The q-series articles explain and illustrate concepts, identities, and theorems for:
Triple and Quintuple Product Identities
Two amazing results in this section are the connections between q-factorials and inversions and between the q-binomial coefficient and inversions. For both, the exponents of the q terms are the number of inversions and the coefficients are the number of permutations with that number of inversions.
2. q-Binomial Theorems
This section introduces the q-shifted factorial, which is used extensively in q-series to generate q-polynomials. Several identities use the q-binomial coefficient, and there are interesting connections among these identities. There is an amazing identity by Euler and an identity by Chen, Chu, and Gu, both of which will be useful in future topics.
Whereas the first topic demonstrated connections between q-polynomials and inversions, this topic demonstrates the amazing connections between q-polynomials (as generated by q-shifted factorials) and partitions. Various combinations of q-shifted factorials produce q-polynomials in which the coefficient of each qn is the number of partitions for the integer n.
4. Pentagonal Numbers, Ferrers Diagrams, and Divisors
Euler discovered that a simple q-shifted factorial generates a q-polynomial in which the pentagonal numbers occur as every second exponent. Ferrers diagram can be used to demonstrate some identities for q-polynomials and partitions. There are also interesting connections between q-polynomials and divisors where the coefficient of each qn is the number of divisors of n.

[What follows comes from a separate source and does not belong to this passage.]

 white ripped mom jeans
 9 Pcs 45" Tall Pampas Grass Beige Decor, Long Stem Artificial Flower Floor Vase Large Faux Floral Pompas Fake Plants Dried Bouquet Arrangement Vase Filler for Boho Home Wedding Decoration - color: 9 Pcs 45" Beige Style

5. Triple and Quintuple Product Identities
Several identities demonstrate that products of three and five q-shifted factorials can be represented by simple sums. This provides our first experience with Ramanujan, who developed an elegant version of a triple product that can be related to the pentagonal numbers—another amazing connection. Ramanujan also transformed a version of the quintuple product identity to produce q-polynomials in which the coefficients are odd integers except for integers that are multiples of 3. Progressing from products to quotients of q-shifted factorials leads to q-hypergeometric series.
6. Sums of Squares
There is a special type of q-hypergeometric series that is distinguished by having the same number of terms in the numerator as in the denominator. Ramanujan discovered such a series and created an elegant identity between the sum and product term. Cauchy had previously developed two identities that are special cases of Ramanujan’s identities. One of these is used to derive a polynomial for which the coefficient of qm is the number of ways of writing m as a sum of two squares; the other is used to derive a polynomial for which the coefficient of qm is the number of ways of writing m as a sum of four squares.
7. Ramanujan’s Beautiful Identities
The highlight of this brief topic is Ramanujan’s “most beautiful” identity. For the partitions of integers that are congruent to 4 mod 5, this identity makes it obvious that all the partitions for these integers are divisible by 5. A second beautiful identity of Ramanujan's is for the partitions of integers that are congruent to 5 mod 7. All the partitions for these integers are divisible by 7.
8. Falls and Derangements
A fall in a permutation is the position of an element that is larger than its next element, and the sum of the falls is the “major index” of the permutation. When element k of a permutation is not in the kth position, the element is “deranged” and if all the elements of a permutation are deranged the permutation is called a “derangement.” Amazingly, we can use the major index in the same way as inversions and can use derangements to calculate Euler’s number e.
9. q-Trigonometric Series
It is interesting to study plots of the q-analogues of the sine and cosine.